In [1]:
import os 
import pandas as pd
import numpy as np
import pickle as pkl
import time

import stellargraph as sg
from stellargraph import StellarGraph
from stellargraph.mapper import FullBatchNodeGenerator
from stellargraph.layer import GCN
from stellargraph import StellarGraph

from stellargraph import datasets

from sklearn import model_selection

import networkx as nx

from tensorflow.keras import Model
from tensorflow.keras.optimizers import Adam
from tensorflow.keras.layers import Dense
from tensorflow.keras.losses import sparse_categorical_crossentropy
from tensorflow.keras.callbacks import EarlyStopping
import tensorflow as tf
import matplotlib.pyplot as plt

## Import the data

In [2]:
file = open("./1140_25122020_global_adj_graph.pkl",'rb')

graph = pkl.load(file)
label = pkl.load(file)

file.close()    

identity = pd.DataFrame(0, index=graph.nodes, columns=list(range(len(graph.nodes))))
for i in range(identity.shape[1]):
    identity.iloc[i,i] = 1

In [3]:
graph_SG = StellarGraph.from_networkx(graph, node_features=identity)

In [4]:
graph_labels = np.array(label).argmax(1)

In [5]:
len(graph_labels)

2225

In [6]:
print(graph_SG.info())
print(np.unique(graph_labels))

StellarGraph: Undirected multigraph
 Nodes: 8577, Edges: 628557

 Node types:
  default: [8577]
    Features: float32 vector, length 8577
    Edge types: default-default->default

 Edge types:
    default-default->default: [628557]
        Weights: range=[0.000211188, 10.8606], mean=1.39254, std=1.98943
        Features: none
[0 1 2 3 4]


### FullBatchNodeGenerator


In [7]:
generator = FullBatchNodeGenerator(graph_SG, method="gcn")
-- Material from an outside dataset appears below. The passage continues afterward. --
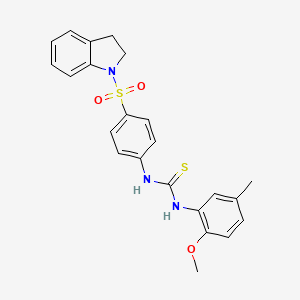 molecular formula C23H23N3O3S2 B4886793 N-[4-(2,3-dihydro-1H-indol-1-ylsulfonyl)phenyl]-N'-(2-methoxy-5-methylphenyl)thiourea 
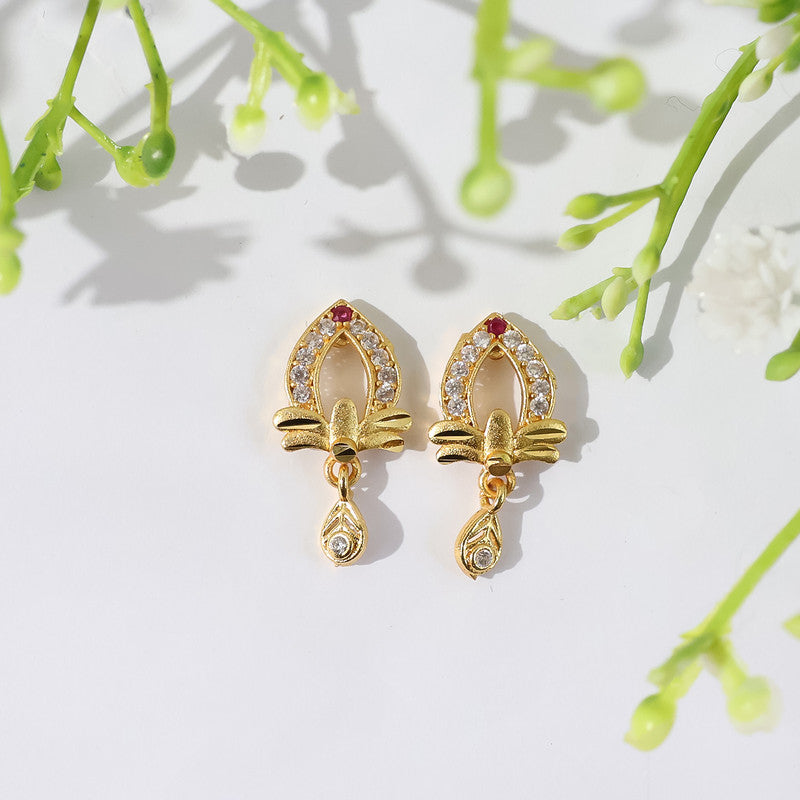 Designer Gold Earrings with Elegant Teardrop Cut & Crystal Work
Using GCN (local pooling) filters...


### Create the Keras graph classification model

We are now ready to create a `tf.Keras` graph classification model using `StellarGraph`'s `GraphClassification` class together with standard `tf.Keras` layers, e.g., `Dense`. 
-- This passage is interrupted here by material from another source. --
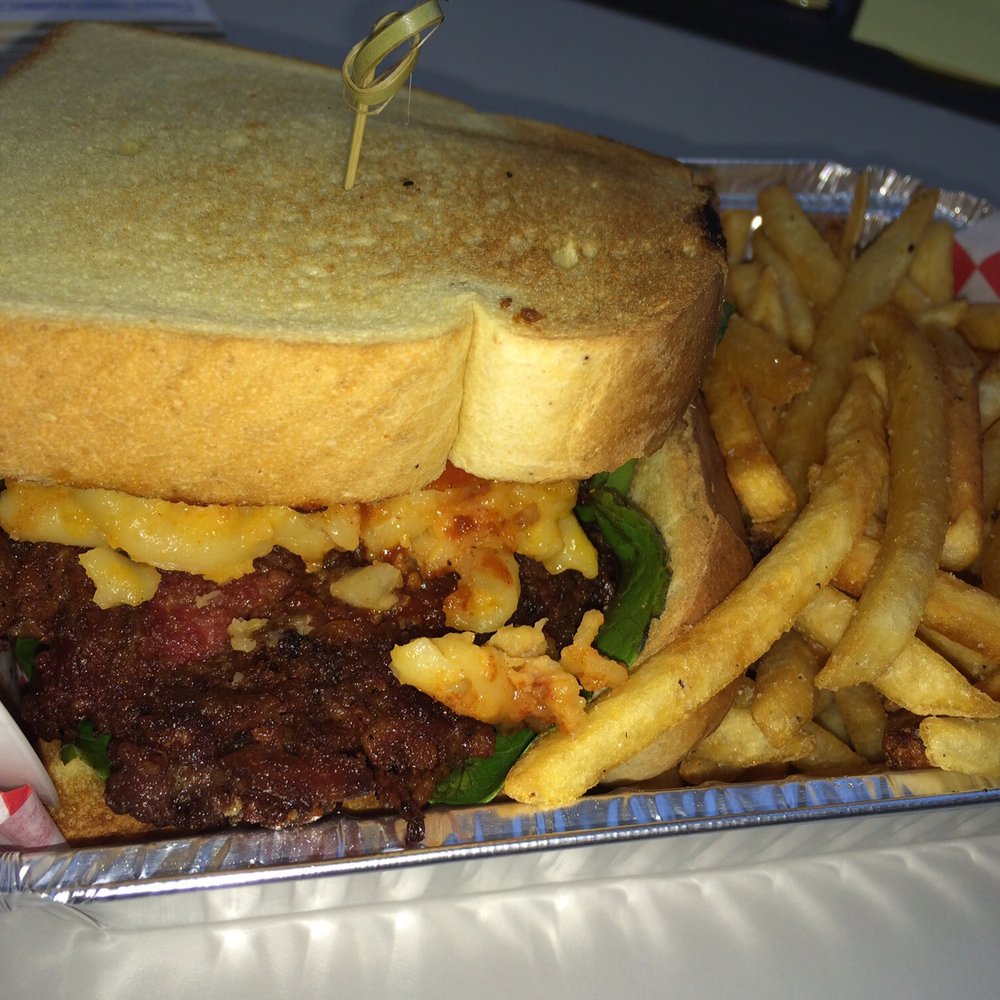 That is bacon Mac n cheese inside a burger. With fries. Who cares if I die tomorrow?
The input is the graph represented by its adjacency and node features matrices. The first two layers are Graph Convolutional as in [2] with each layer having 64 units and `relu` activations. The next layer is a mean pooling layer where the learned node representation are summarized to create a graph representation. The graph representation is input to two fully connected layers with 32 and 16 units respectively and `relu` activations. The last layer is the output layer with a single unit and `sigmoid` activation.

![](graph_classification_architecture.png)

In [8]:
def create_graph_classification_model(generator):
    
    gc_model = GCN(
        layer_sizes=[ 5],
        activations=["softmax"],
        generator=generator,
        dropout=0.0,
    )
    x_inp, x_out = gc_model.in_out_tensors()
#     predictions = Dense(units=32, activation="relu")(x_out)
#     predictions = Dense(units=16, activation="relu")(predictions)
#     predictions = Dense(units=5, activation="softmax")(predictions)

    # Let's create the Keras model and prepare it for training
    model = Model(inputs=x_inp, outputs=x_out)
    model.compile(optimizer=Adam(0.005), loss = sparse_categorical_crossentropy, metrics=["acc"])

    return model

### Train the model

We can now train the model using the model's `fit` method. First, we specify some important training parameters such as the number of training epochs, number of fold for cross validation and the number of time to repeat cross validation.

In [9]:
epochs = 1000  # maximum number of training epochs
folds = 10  # the number of folds for k-fold cross validation
n_repeats = 1  # the number of repeats for repeated k-fold cross validation

In [10]:
es = EarlyStopping(
    monitor="val_loss", min_delta=0, patience=25, restore_best_weights=True
)

The method `train_fold` is used to train a graph classification model for a single fold of the data.

In [11]:
def train_fold(model, train_gen, test_gen, es, epochs):
    history = model.fit(
        train_gen, epochs=epochs, validation_data=test_gen, verbose=0, callbacks=[es]
    )
    # calculate performance on the test data and return along with history
    test_metrics = model.evaluate(test_gen, verbose=0)
    test_acc = test_metrics[model.metrics_names.index("acc")]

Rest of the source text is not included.